It may be understood that, by disposing the thrust bearing 25 to be coaxially arranged between the engagement portion 211 of the rotation input member 21 and the annular pressure sensor 40, friction resistance generated by the rotation input member 21 and the sliding output member 22 in a movement process can be reduced, to improve a transmission effect and transmission efficiency of the reversing mechanism 20, and reduce a friction loss of the reversing mechanism 20 in the movement process.

In addition, the inner ring and the outer ring of the thrust bearing 25 abut against the annular pressure sensor 40 and the reversing mechanism 20 respectively, so that the thrust bearing 25 implements a thrust transfer function, and the reverse thrust applied by the friction lining 13 to the reversing mechanism 20 can be transferred to the annular pressure sensor 40, thereby improving detection of the annular pressure sensor 40. In addition, relative rotation between the reversing mechanism 20 and the annular pressure sensor 40 can be counteracted and friction force can be reduced.

In an embodiment, the reversing mechanism 20 includes a stopper 26, and the stopper 26 is fastened between the housing 24 of the reversing mechanism 20 and the annular pressure sensor 40 along the axial direction of the rotation input member 21. The stopper 26 is configured to limit rotation of the annular pressure sensor 40 inside the housing 24 of the reversing mechanism 20.

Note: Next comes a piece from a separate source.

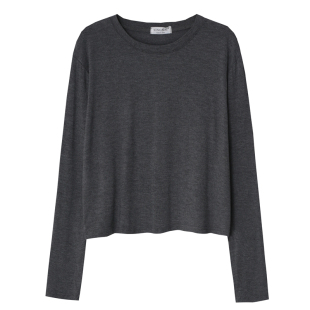 莫代尔高腰短袖T恤女夏季薄款垂感宽松短款罩衫长袖T恤纯色上衣潮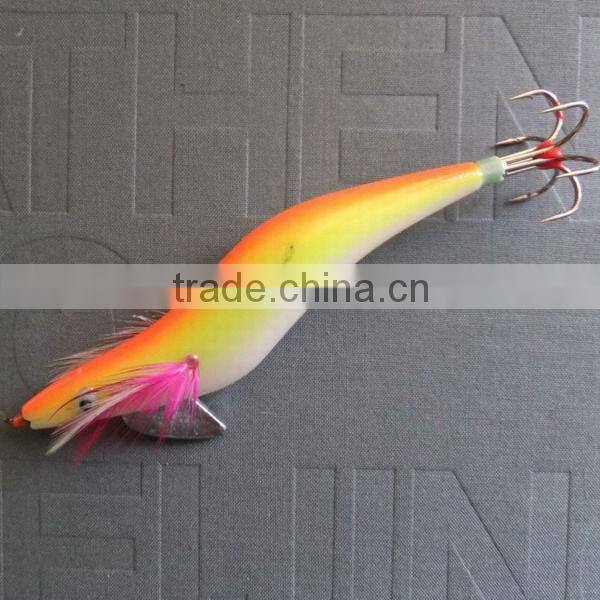 New orange with yellow Paint Squid jig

In other words, the housing (namely, the housing 24) of the brake 10 is configured to fasten the annular pressure sensor 40 and at least one stopper 26, and along a circumferential direction of the annular pressure sensor 40, each of the at least one stopper 26 is arranged between the housing (namely, the housing 24) of the brake and the annular pressure sensor 40. The stopper 26 is disposed between the housing (namely, the housing 24) of the brake 10 and the annular pressure sensor 40, to form circumferential positioning for the annular pressure sensor 40, limit the annular pressure sensor 40 to rotate with the transmission component and inside the housing (namely, the housing 24) of the brake 10, and reduce the friction loss of the annular pressure sensor 40. In an embodiment, each of the at least one stopper 26 is in contact with an outer circumferential surface of the annular pressure sensor 40.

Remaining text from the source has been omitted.